America’s Cup: Confident in the plan
Published on September 21st, 2020
Team New Zealand Principal Matteo de Nora was interviewed by Italian news site La Stampa, sharing his view for the upcoming 36th America’s Cup. Here is the google translation:
You were there when it was decided on the type of boat that should defend and challenge the 2021 America’s Cup. Do you regret the choice?
Absolutely not. The AC75 are very interesting boats, particularly innovative from a technical point of view and it is no coincidence that we are curious to see how they will behave in the water.
There are those who say they are too complex and expensive and it is necessary to aim for a less expensive America’s Cup, perhaps with more “normal” boats such as the TP52 or VOR70.
I believe that the America’s Cup is and must be something special. The top of technology, something not yet seen. I think it should surprise every time and I expect it to.
Speed is stigmatized. For some, it will prevent traditional match racing.
If the boats have similar speeds there will be match racing. It depends on the delta between different speeds, not on speed in an absolute sense.
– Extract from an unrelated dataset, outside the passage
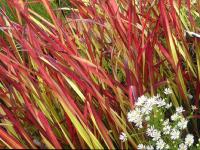 IMPERATA CYLINDRICA ‘RED BARON’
That said, it is clear that in all sports technology is becoming more and more crucial and that its evolution is also linked to an increase in speed.
But that doesn’t mean there will be an exponential increase in speed itself. The discussion is broader, it is related to the foils, which decrease the resistance of the hull to water and in so doing the energy requirement. Foiling is already used for less extreme motor boats and energy saving will be decisive in the near future also for pleasure craft.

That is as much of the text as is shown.